Na 2Co3(aq) + 2HCl (aq) -> 2NaCl (aq) + CO2 ( g) + H2O  (l)


1.4 g of pure anhydrous sodium carbonate  were dissolved in water and made up to a volume of 250 cm3. A 25 cm3 aliquot of this solution required 24.5 cm3 of a solution of HCl in order to neutralise it fully. Calculate the molarity if the HCl and its concentration in grams of HCl per dm3

[Arctic-Nation]

Triple cross-post? No prior attempt to solve the problem? Borek will have your ass for breakfast.

[shanker]

cant you answer?


this is how far i have got moles = mass/rfm
conc. = moles/volume

1:2 ratio

[sjb]

Triple cross-post? No prior attempt to solve the problem? Borek will have your ass for breakfast.
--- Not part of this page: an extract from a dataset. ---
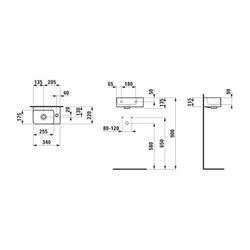 Laufen Handwaschbecken VAL 220x340x135mm, Weiß, asymmetrisch 1 Hahnloch, rechts,... LAUFEN-H8152800001141 7612738943837 (Abb. 1)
Triple? More than that now!

cant you answer?


this is how far i have got moles = mass/rfm
conc. = moles/volume

1:2 ratio

OK, how many moles of Na₂CO₃ (not Na₂Co₃, which may be some weird alloy?) were there in your titrated mixture?

[shanker]

moles = mass/rfm


1.4/106 =0.0103 moles i dont know if that is right


but my teacher said to work from the end ofthe question to the front?

[shanker]

yes?

[Arctic-Nation]

Shanker, you should've been here long enough by now to know the rules. And unless your homework should've been finished half an hour ago, a few minutes won't make a difference.

Anyway, you're going in the right direction. 1.4 g / 106 g/mole = 13.21 mmoles. That's the amount of sodium carbonate in 250 ml. How many moles are there then in 25 ml, and how many moles of HCl will you need for neutralisation?

Edit: And Jesus f&#$, stop posting this on other forums already, will you.

[shanker]

is this right?


in 25ml there are 1.321 moles


because it is 1:2 you multiply 1.321 by 2 so there are 2.642 moles of Hcl??

[Arctic-Nation]

That's correct. Next step is to calculate the molarity of the HCl solution, and from that the concentration in g/dm^3.

[sjb]

is this right?


in 25ml there are 1.321 moles


because it is 1:2 you multiply 1.321 by 2 so there are 2.642 moles of Hcl??

No, 13.21 mmol / 10 is not 1.321 mol. Careful with your notation. The application of the balanced equations is correct though, so far as it goes.